## What the task requires
Skip the pictures. Output only the lines below starting at the line with "1G1BE5SM4J7243951 фото 4" and ending at the line with "Juntos Somos América T-Shirt", both ends included, exactly as they are.

(Short text fragments from websites)
○ ○ ○
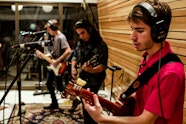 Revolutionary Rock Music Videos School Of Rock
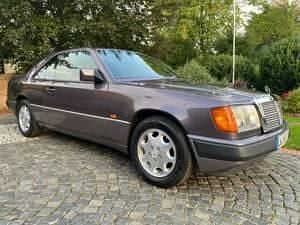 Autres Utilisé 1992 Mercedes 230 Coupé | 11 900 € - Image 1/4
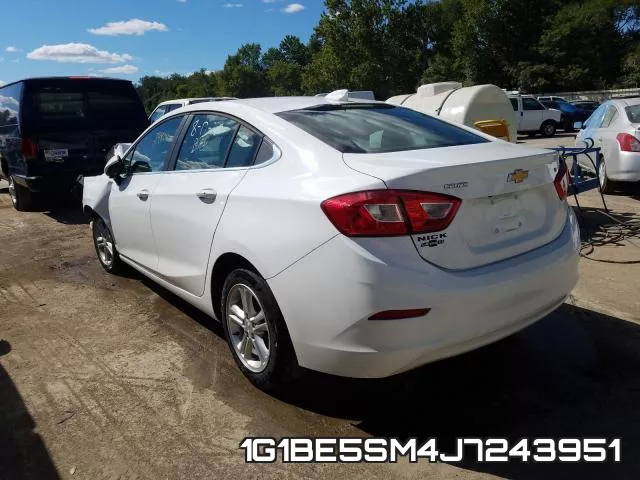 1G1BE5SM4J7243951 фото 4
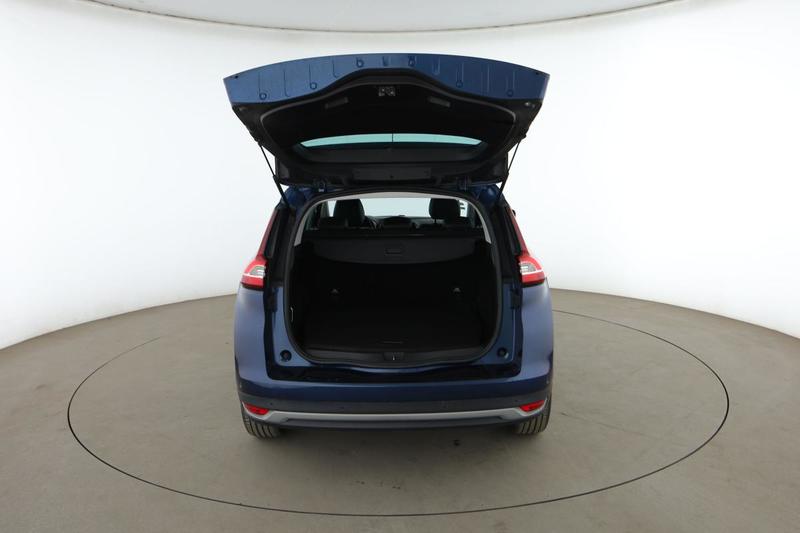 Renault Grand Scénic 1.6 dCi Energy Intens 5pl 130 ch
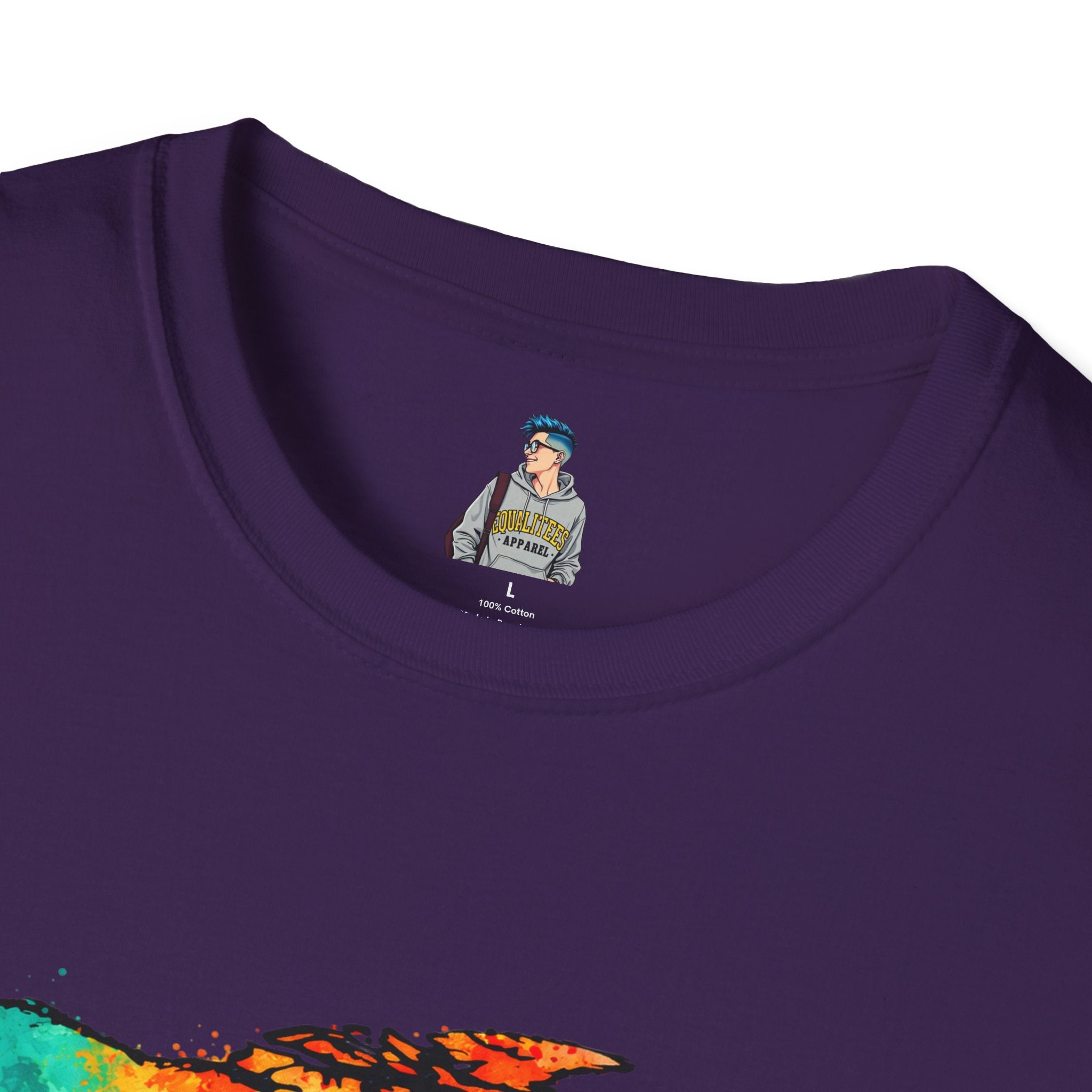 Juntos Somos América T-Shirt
○ ○ ○
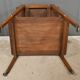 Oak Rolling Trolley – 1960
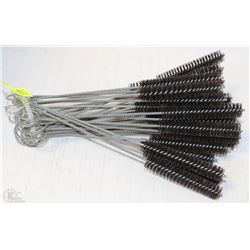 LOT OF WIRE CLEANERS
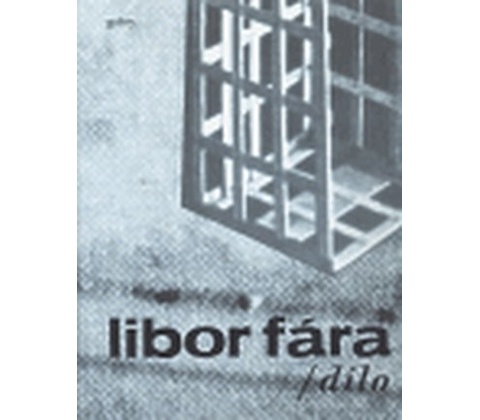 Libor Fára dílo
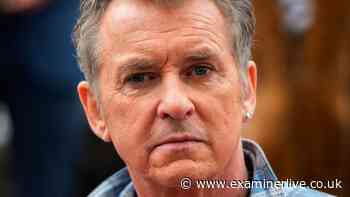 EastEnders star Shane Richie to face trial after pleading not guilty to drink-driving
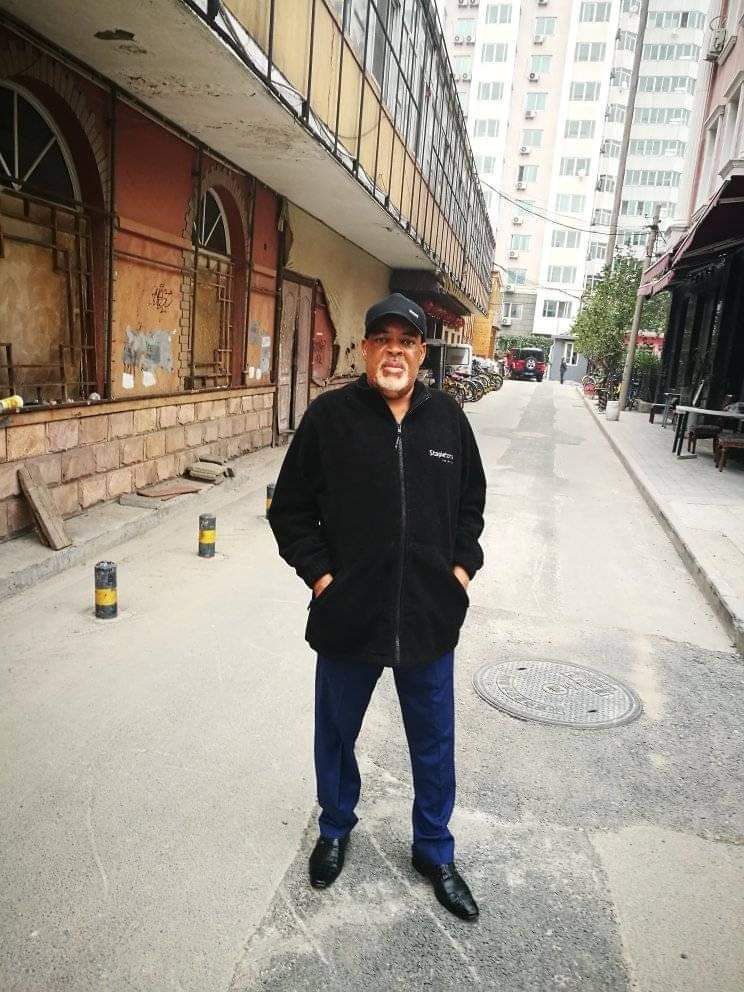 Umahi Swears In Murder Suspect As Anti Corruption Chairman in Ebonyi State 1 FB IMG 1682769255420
○ ○ ○
## Written answer
 1G1BE5SM4J7243951 фото 4
 Renault Grand Scénic 1.6 dCi Energy Intens 5pl 130 ch
 Juntos Somos América T-Shirt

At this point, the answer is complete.